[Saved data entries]
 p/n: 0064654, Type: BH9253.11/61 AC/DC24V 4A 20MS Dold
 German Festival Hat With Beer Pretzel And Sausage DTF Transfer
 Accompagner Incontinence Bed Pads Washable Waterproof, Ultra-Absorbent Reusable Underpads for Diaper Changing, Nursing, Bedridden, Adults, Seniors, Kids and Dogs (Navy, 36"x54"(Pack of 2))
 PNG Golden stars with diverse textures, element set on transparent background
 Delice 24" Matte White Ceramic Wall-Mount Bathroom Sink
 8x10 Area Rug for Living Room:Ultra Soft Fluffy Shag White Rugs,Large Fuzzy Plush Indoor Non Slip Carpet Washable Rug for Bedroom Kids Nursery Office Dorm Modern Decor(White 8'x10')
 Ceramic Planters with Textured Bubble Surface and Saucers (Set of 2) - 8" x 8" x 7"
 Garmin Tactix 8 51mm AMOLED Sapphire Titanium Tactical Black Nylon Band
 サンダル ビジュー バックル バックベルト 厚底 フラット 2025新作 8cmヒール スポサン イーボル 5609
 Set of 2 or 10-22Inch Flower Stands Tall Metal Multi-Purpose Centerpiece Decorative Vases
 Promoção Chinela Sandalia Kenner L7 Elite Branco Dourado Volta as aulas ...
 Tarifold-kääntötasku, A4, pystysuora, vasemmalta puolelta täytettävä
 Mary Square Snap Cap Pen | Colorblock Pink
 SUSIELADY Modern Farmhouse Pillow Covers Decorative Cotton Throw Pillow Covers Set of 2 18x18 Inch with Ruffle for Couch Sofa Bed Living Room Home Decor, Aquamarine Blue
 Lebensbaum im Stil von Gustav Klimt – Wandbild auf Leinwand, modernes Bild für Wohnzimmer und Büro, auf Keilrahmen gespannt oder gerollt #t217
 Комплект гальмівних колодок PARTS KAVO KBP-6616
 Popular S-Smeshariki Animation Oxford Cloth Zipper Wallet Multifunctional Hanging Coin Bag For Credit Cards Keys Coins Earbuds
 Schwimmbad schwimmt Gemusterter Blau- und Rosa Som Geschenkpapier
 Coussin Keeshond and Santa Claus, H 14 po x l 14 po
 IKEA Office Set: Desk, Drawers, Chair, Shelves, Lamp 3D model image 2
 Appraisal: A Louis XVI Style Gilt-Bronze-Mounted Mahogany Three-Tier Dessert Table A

• _Problem to work on_: Pull out all lines of the data with the string "Decorative".

• _Exercise result_:
 Set of 2 or 10-22Inch Flower Stands Tall Metal Multi-Purpose Centerpiece Decorative Vases
 SUSIELADY Modern Farmhouse Pillow Covers Decorative Cotton Throw Pillow Covers Set of 2 18x18 Inch with Ruffle for Couch Sofa Bed Living Room Home Decor, Aquamarine Blue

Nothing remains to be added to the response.